Do The Switch (2010) with apple products.

Phil 314 said...

Money to burn. Is Netflix a long term viable financial model and if any doubt why try to emulate it?

David Begley said...

Recall how Coke bought Columbia or Paramount. Gulf & Western also bought a studio.

Why? Big profits! Great margins!

Apple has good margins but it is in the gadget business. Much better business in IP and Apple knows that.

Charlie Currie said...

To paraphrase Instapundit, Apple/Cook are out of ideas when it comes to devices.

Plus, if a book and shampoo seller can get into the movie business, why not a music and watch seller?

SDaly said...

Netflix is not a long term model. It had the advantage of being a "first mover" but it loses money hand over fist and will collapse like a House of Cards, as streaming competition intensifies.

Netflix Inc. must grow. It has no choice. Sharks must keep swimming, and Netflix needs to keep signing up as many newcomers as it can. This is the path the company has chosen. Netflix’s blueprint is to spend money it doesn’t have today to land alluring programming and sign up as many customers as possible — and worry about the bill later.

It’s a rational strategy to take advantage of a unique moment when competition is relatively subpar, viewing of streaming video is exploding, borrowing is cheap and investors are happy to let Netflix be financially irrational. The idea is Netflix can gather up customers now and squeeze them for more money and profits once they’re happy long-term customers and conditions are right.
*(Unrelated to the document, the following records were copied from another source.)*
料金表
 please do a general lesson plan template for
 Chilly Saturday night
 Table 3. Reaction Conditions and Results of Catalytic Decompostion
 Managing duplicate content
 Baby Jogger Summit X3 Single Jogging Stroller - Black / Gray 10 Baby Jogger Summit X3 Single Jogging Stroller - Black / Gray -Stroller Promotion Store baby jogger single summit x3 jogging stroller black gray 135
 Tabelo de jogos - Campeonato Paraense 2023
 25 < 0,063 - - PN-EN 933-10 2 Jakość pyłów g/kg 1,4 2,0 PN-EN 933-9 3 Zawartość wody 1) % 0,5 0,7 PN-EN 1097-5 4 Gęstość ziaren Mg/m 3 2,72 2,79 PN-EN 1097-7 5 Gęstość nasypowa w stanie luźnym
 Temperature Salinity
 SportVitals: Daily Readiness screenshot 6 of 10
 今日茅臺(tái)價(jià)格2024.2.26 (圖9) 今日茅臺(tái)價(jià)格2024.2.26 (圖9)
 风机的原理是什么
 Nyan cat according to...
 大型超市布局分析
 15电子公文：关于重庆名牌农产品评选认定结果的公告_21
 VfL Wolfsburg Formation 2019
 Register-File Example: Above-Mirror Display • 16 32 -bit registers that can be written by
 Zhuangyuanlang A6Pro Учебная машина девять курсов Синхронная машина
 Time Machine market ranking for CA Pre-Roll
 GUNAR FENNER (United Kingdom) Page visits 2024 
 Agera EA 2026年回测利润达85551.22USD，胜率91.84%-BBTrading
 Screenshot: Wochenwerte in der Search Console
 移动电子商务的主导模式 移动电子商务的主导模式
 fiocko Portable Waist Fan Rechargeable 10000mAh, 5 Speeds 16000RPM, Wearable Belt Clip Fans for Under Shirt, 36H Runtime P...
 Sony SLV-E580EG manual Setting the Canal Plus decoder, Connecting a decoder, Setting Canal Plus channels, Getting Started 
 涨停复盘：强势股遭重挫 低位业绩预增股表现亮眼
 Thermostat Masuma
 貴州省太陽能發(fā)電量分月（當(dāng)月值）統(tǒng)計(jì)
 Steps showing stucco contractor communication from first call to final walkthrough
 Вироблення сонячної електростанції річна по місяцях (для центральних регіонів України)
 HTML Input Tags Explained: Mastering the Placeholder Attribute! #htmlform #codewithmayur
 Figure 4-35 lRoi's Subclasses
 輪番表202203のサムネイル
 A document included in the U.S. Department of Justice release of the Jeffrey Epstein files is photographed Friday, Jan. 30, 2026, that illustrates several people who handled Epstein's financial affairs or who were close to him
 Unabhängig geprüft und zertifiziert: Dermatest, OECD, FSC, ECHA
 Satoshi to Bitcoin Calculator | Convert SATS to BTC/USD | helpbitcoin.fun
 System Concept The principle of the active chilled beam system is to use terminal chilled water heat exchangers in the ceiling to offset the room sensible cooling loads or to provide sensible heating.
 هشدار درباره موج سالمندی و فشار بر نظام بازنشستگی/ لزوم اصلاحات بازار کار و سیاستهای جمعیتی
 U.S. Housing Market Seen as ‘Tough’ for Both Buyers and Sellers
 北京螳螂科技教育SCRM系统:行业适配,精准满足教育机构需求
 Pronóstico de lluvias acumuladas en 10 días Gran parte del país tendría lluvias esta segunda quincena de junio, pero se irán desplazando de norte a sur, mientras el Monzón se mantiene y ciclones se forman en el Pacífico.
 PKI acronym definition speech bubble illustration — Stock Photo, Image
All that investors ask for now is that Netflix add new customers so quickly they won’t think about five consecutive years of burning cash or the more than $32 billion the company owes in coming years for TV series and movies, plus debt repayments, lease costs and other expenses. That figure is 115 times Netflix’s peak year of cash generation in its history. So yeah, Netflix has to grow.

steve uhr said...

Music didn't dilute the brand and Amazon Prime TV didn't dilute the Amazon brand. Hollywood is "skeptical"? What does that even mean. Apple is a new competitor on the block, of course Netflix, etc. don't like that. But the people who benefit from more competition, including actors, directors, others in the movie business apart than owners, and consumers of course, should be happy.

Curious George said...

Nobody has done more with less than Jennifer Aniston. I don't get it.

Kevin said...

Here's the question for Tim Cook:

If Apple's future is in the entertainment business, why is Tim Cook the right person to be CEO?

Both of these things cannot be true.

Michael K said...

SONY found out how hard it is to make money isn Hollywood. There is even a book about it.

Quaestor said...

I like macOS because it's UNIX and consequently not so vulnerable to malware and penetration as Windows, but I run it mainly on generic hardware. I own a few iMacs and an iPad Pro, but they are secondary to my hacks, which are functionally equivalent to the high-end Mac Pros.

In spite of my admiration for their flagship operating system, I have little love for Apple as a corporate entity, especially since Cook took over. I hold him personally responsible for Apple's betrayal of its uses when it severed OS support for Nvidia GPUs.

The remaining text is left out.